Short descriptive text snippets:
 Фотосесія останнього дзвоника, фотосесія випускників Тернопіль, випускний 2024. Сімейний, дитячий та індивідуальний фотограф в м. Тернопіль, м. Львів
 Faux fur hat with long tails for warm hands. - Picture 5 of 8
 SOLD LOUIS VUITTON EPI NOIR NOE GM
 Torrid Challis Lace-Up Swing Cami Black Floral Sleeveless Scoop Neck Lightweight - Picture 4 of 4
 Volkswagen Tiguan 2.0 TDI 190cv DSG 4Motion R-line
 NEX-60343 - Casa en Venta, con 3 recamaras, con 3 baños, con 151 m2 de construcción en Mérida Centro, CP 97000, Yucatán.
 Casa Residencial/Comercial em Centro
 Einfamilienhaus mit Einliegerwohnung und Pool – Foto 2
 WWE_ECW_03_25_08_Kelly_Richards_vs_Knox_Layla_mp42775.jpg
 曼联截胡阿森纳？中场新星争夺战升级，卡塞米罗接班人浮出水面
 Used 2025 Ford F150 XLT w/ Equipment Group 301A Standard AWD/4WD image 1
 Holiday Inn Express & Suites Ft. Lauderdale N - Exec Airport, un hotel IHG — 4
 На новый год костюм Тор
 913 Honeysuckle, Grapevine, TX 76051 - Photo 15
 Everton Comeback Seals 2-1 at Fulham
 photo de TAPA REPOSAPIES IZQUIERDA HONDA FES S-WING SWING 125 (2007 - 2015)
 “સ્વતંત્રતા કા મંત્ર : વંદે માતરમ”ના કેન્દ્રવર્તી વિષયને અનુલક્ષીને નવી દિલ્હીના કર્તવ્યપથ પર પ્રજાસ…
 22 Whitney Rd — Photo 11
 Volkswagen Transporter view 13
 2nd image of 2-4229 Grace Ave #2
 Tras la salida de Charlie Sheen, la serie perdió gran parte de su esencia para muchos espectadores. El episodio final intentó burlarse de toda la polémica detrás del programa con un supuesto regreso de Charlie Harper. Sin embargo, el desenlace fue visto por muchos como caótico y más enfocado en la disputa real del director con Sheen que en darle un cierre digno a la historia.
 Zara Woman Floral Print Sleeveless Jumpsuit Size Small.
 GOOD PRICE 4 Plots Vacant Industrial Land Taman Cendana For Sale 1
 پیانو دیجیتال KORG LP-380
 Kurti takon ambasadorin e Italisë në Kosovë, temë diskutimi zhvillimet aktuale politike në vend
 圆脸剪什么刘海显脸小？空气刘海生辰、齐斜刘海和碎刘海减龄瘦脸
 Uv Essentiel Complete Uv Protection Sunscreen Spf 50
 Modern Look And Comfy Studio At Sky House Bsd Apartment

▶ AIM OF THE TASK:
Every line of the entries that includes "Volkswagen" must be copied into the answer.

▶ TASK SOLUTION:
 Volkswagen Tiguan 2.0 TDI 190cv DSG 4Motion R-line
 Volkswagen Transporter view 13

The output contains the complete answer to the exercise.